A noiva mais cobiçada do mercado
Quando chegamos à liderança do mercado de coloração dez anos atrás, qualquer empresa do mundo que queria saber do mercado de coloração no Brasil podia saber quem era a Niley. Quem mais vende coloração no Brasil é a Niely. Mas quem é a Niely?  Passamos a ser a noiva com quem todo mundo queria se casar. E fomos muito procurados por empresas da Ásia, da Europa, dos EUA. Em maio do ano passado, o Jean Paul Agon (presidente mundial da L’Oréal), muito perspicaz, marcou um almoço aqui no Rio de Janeiro e depois foi na minha casa em Angra dos Reis. Ele me disse que sabia que o processo de venda da empresa estava adiantado com outras empresas mas que ele gostaria de pular esse processo. Eu disse: “olha, estamos em ajustes finais mas se vocês correrem e apresentarem uma proposta que possa ser igual ou maior, acho que a gente pode avaliar”. Em três meses, eles colocaram uma proposta na mesa e nós assinamos com eles. Eu podia escolher, tinha três cartas na mesa e estamos felizes pela L’Oréal, com a qual construí uma relação de respeito, carinho e admiração por todo mundo que está lá. A Danielle (de Jesus, filha do empresário e ex-diretora de Marketing da Niely), está trabalhando na L’Oréal. Tanto o Jean Paul como o Didier (Tisserand, presidente da L’Oréal Brasil) a convidaram para ficar na empresa, em Paris ou Nova York, onde ela está hoje, trabalhando na área de Marketing de Haircare. É um mercado bastante competitivo, com muita análise e dados, e ela está aprendendo bastante também.

Abaixo do zero
As pessoas me perguntam se comecei do zero. Digo que comecei abaixo do zero. Tudo o que a Niely virou foi construído com muita dificuldade, sangue, garra e dez, 12, 14 horas de trabalho por dia. Você se prejudica até na sua vida pessoal, com seus filhos e família, então foi tudo com muita dificuldade. Mas não me arrependo. Acho que tudo tem a sua hora, tem o seu tempo. Fizemos um trabalho bem feito que todos reconhecem. Ser empresário no Brasil não é fácil. Passamos muitos momentos difíceis, sem dinheiro, vendendo o almoço para comprar a janta, foi muito difícil.

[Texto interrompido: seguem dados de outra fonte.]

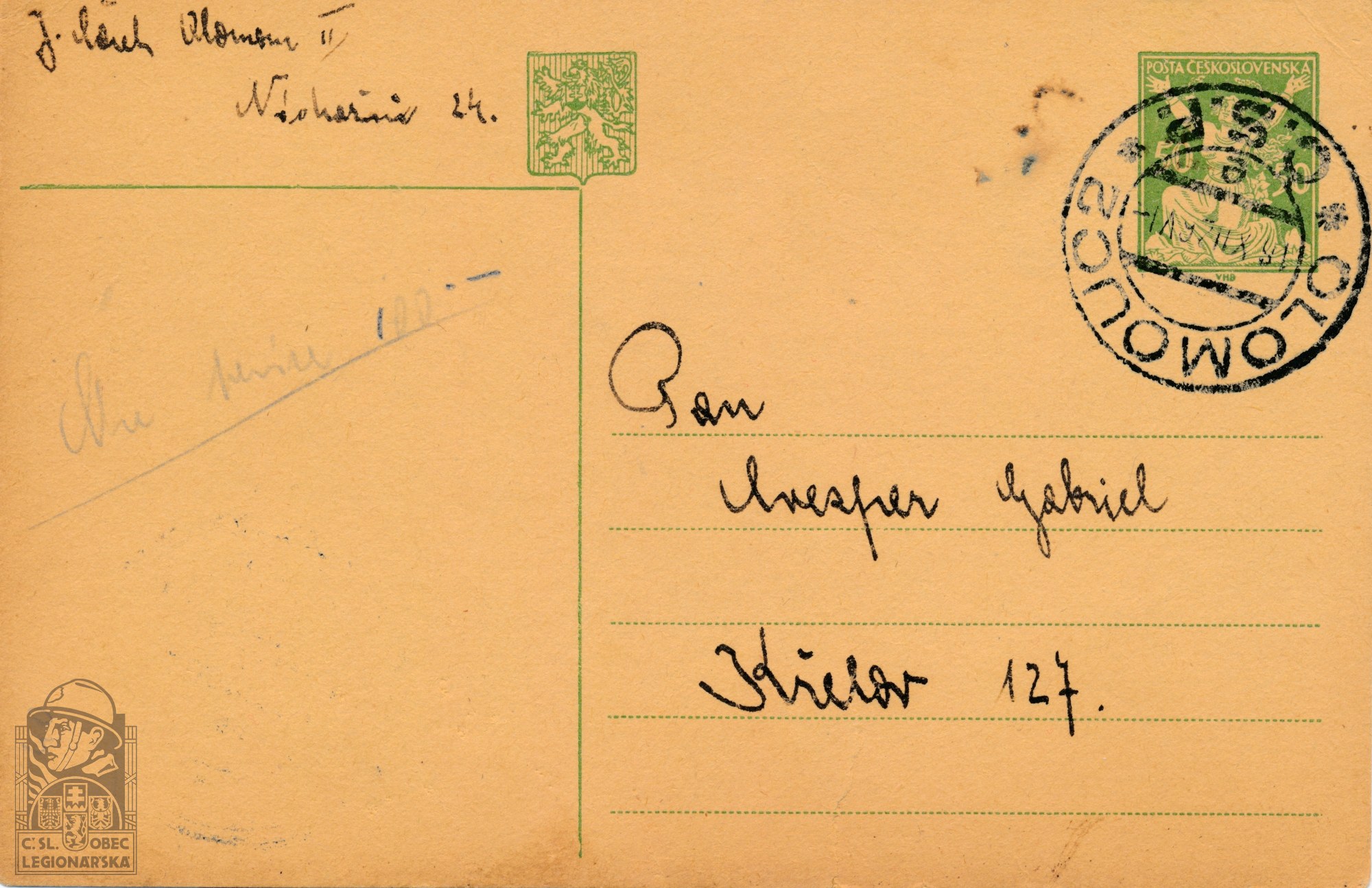 Žádost o vánoční nadílku 1926 SOkA Olomouc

O que a Niely fez em 30 anos era para ter sido feito em 60. Então foi com muita garra, dedicação. É lógico que em alguns momentos você vive horas de tristeza com o negócio, mas desistir jamais. Em nenhum momento pensei em desistir. Sabia que a gente chegaria ao patamar que chegamos.

Olhando para o futuro
Acredito que fiz meu nome no mercado de perfumaria e cosméticos. Sou querido, respeitado e admirado no Brasil todo. Em qualquer lugar do País que ligo sou recebido de braços abertos. As pessoas têm me cobrado muito, perguntando sobre minha nova empresa (risos). Não posso pensar nisso agora. Tenho dois anos e meio de cláusula de não competição com a L’Oréal e eles têm sido muito decentes comigo, escutando minhas ponderações e opiniões sobre o negócio e me recebido muito bem. Então pode vir acontecer, mas tenho de esperar. Não sei como vai estar o mercado daqui três anos, mas o grande patrimônio que tenho é esse relacionamento comercial no Brasil todo, no qual sou querido e festejado. Tanto que tenho vários lojistas e distribuidores no mercado, meus amigos, que já me disseram que querem que fature a primeira Nota Fiscal da (quem sabe) futura nova empresa para eles. Esse carinho, essa confiança não tem preço.